It’s also important to note that I arrived in Ireland before Eircode were a thing — so I have seen first hand the slight mess of trying to provide an Irish address to systems that believe falsehoods and expect a postcode to exist for any address. I personally got bitten by this twice: the first time, when I transferred my domains from OVH with my Italian address to Gandi with my Irish address (between Gandi’s and eurID’s systems there was some incompatibility on how they expected to provide an address for Ireland in particular, at that point the only EU country without a compatible postcode system), and the second time with TransferWise (now Wise), once they introduced their “borderless accounts”, and force-verified all addresses… forgetting that not every address has a postcode — after unblocking my account they admitted it was “a specific problem affecting Irish addresses” — they laughed, and admitted that was the problem, when I pointed out that Ireland is not the only country without postcodes.
Which means Eircode was a significant improvement for Irish residents when dealing with international systems that have been struggling with accepting a country that in the 21st century still lacked postcodes. Though when it was rolled in, I remember a lot of complains from locals: some of it was general change resistance, some of it a bit more complicated, particularly for Dublin. Dublin already had postal towns identifiers, numbered from 1 onwards, with odd numbers North of the Liffey, and even numbers on that South side, with Dublin 4 being where Silicon Docks used to be located — these were mostly replaced with Eircodes using a similar format (D04 xxx for Dublin 4 addresses), but some houses found themselves being issued an Eircode with a higher number than they expected, which turned out to affect property prices. I’m not going to try to understand or justify this whole topic because I have some rarely shared opinions about property prices.
Now though, trying to explain that Eircode and the British postcodes take different trade-offs, appeared to just summon defenders of the Eircode system, which I find both surprising and disappointing. So let me try to discuss some of the differences in tradeoffs.

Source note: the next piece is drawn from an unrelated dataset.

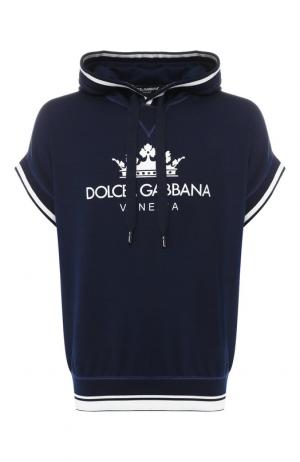 Хлопковое худи Dolce & Gabbana. Цвет: темно-синий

Eircode are very specifically about delivering. This might sound obvious but people don’t always seem to get what this means, as seen by the amount of people who seem to think that there is a single Eircode per building — indeed, there isn’t. There is a single Eircode per deliverable address, as explained on the Eircode website. Multiple buildings within a single campus do not get their own Eircode, if all of the mail and deliveries go through the same loading dock. Similarly, if a house is converted to individual flats, but they do not get separate mailboxes (which was fairly common in Dublin South), there is a single Eircode for all of those flats. On the other hand, if a purpose built apartment building has individual mailbox for each flat, each one of them gets their own independent Eircode.
This makes Eircode both more fine grained (one-per-mailbox) and less so (some buildings not having a code at all, particularly before they are fully completed and open) than the British postcode system. While the latter was originally introduced for mail delivery only, by now it is used for so many other things that make these trade-offs very much incompatible. But it make sense in Ireland, a country that is vastly rural, where buildings might not actually have a street name, let alone a number.
What follows from this is an Eircode is not necessarily enough to completely route a delivery to the right person. While it does work for a number of people, who live in a house or flat with their own mailbox, there will be individuals and businesses who, to get their mail, require a full address. If it works for you to receive mail with just an Eircode, I’m glad for you — but do not push for forms to drop everything but the Eircode, and if you’re a programmer, don’t expect others to live in the same reality!
You may also want to make it easier on your postie too — most mailboxes don’t have their Eircode printed on, but rather a house or flat number. While delivery companies are going to have to decode the Eircode into an address anyway, it’s much easier for the delivery person to match the written address with what is visible, rather than have to consult some other source to find out that “Yes, this should be put into the mailbox of flat number 8.”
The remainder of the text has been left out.